**EXERCISE REQUIREMENTS**
Retype the listing exactly, minus its pictures.

**DATASET EXCERPT**

■ ■ ■

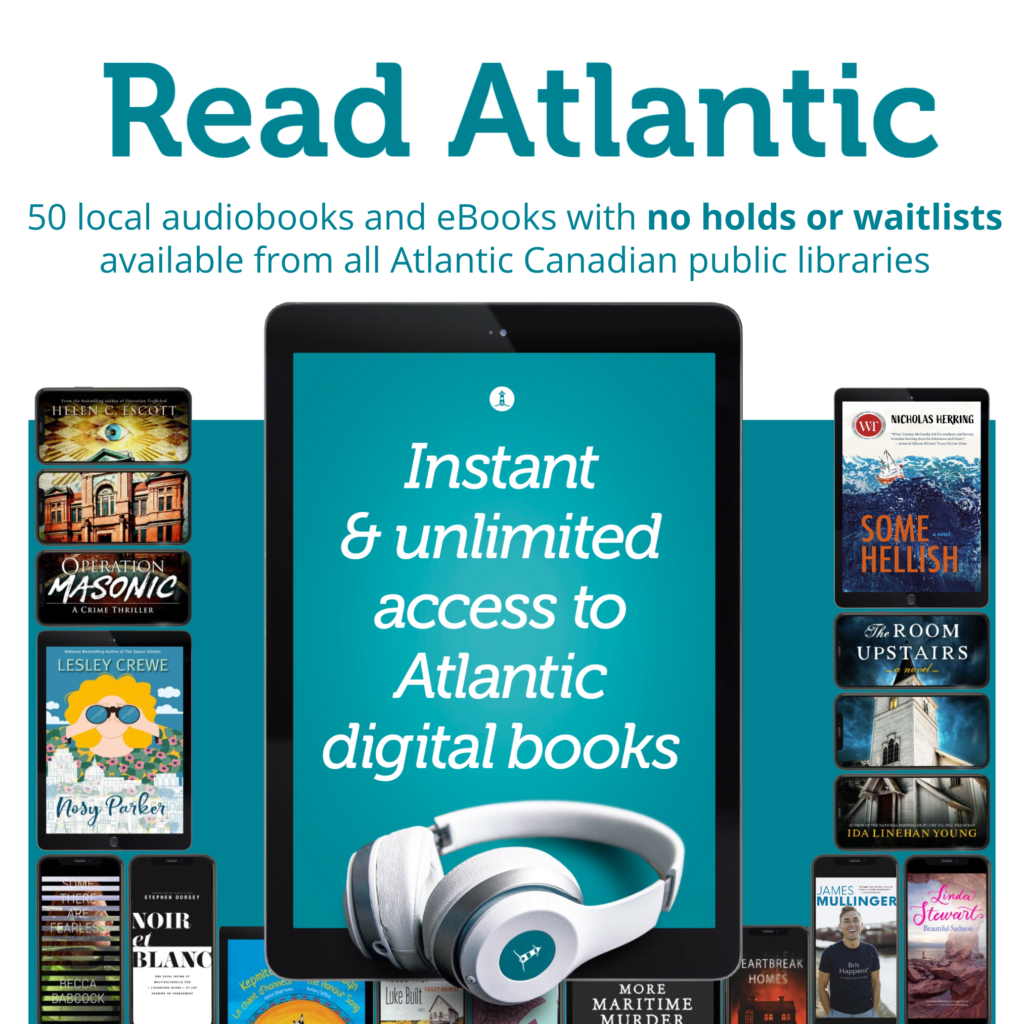 An array of tablet and mobile phones with book covers. A tablet in the centre (large) has text on the screen reading Instant and unlimited access to Atlantic Digital books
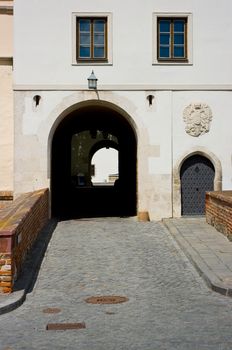 The entrance gate of the castle Spilberk in Brno, South Moravia, Czech Republic.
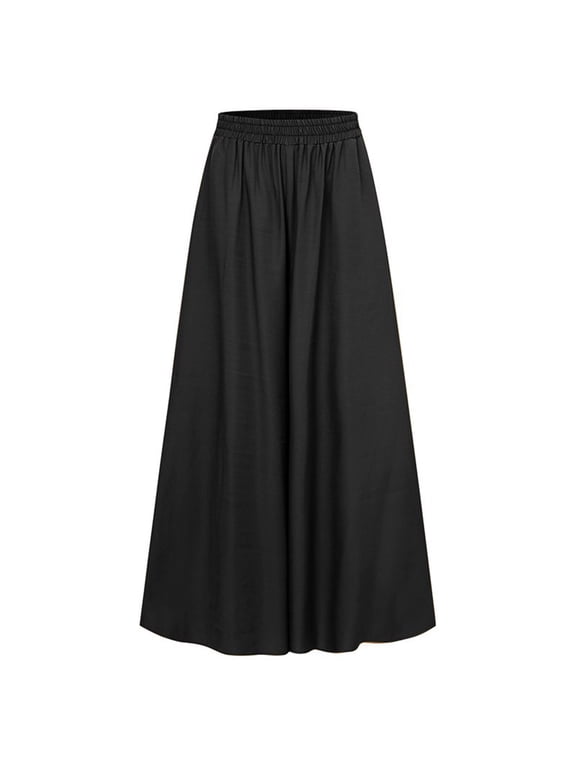 Summer Pants for Women Summer New Loose Large Elastic Waist Wide Leg Pants Large Swing Beach Casual Business Bottoms for Women Smart Skin Workout Apparel Womens Active Leg Pack Flare Yoga Black 2XL
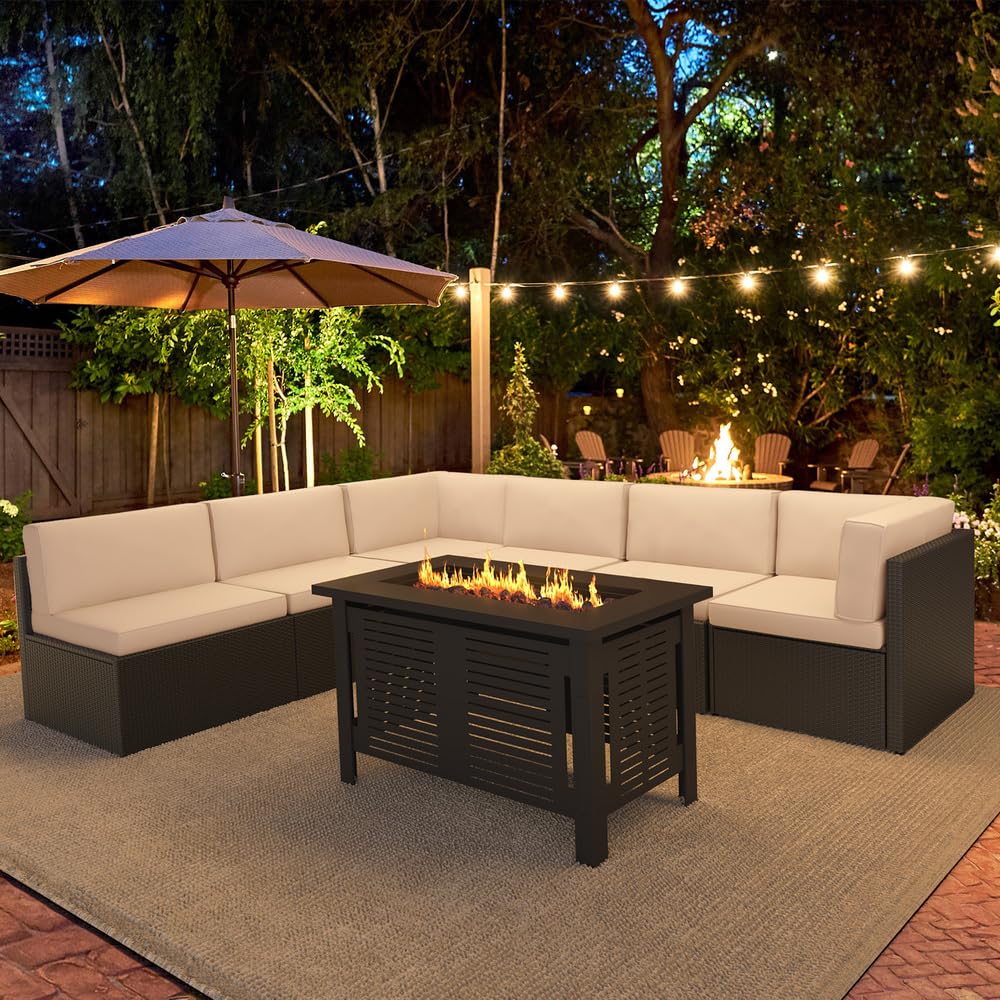 YODOLLA 7 Piece Outdoor Patio Furniture Set with Extra 43 Inch Fire Pit Table, Black Rattan & Beige Cushion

■ ■ ■

**REPLY TO THE EXERCISE**
 An array of tablet and mobile phones with book covers. A tablet in the centre (large) has text on the screen reading Instant and unlimited access to Atlantic Digital books
 The entrance gate of the castle Spilberk in Brno, South Moravia, Czech Republic.
 Summer Pants for Women Summer New Loose Large Elastic Waist Wide Leg Pants Large Swing Beach Casual Business Bottoms for Women Smart Skin Workout Apparel Womens Active Leg Pack Flare Yoga Black 2XL
 YODOLLA 7 Piece Outdoor Patio Furniture Set with Extra 43 Inch Fire Pit Table, Black Rattan & Beige Cushion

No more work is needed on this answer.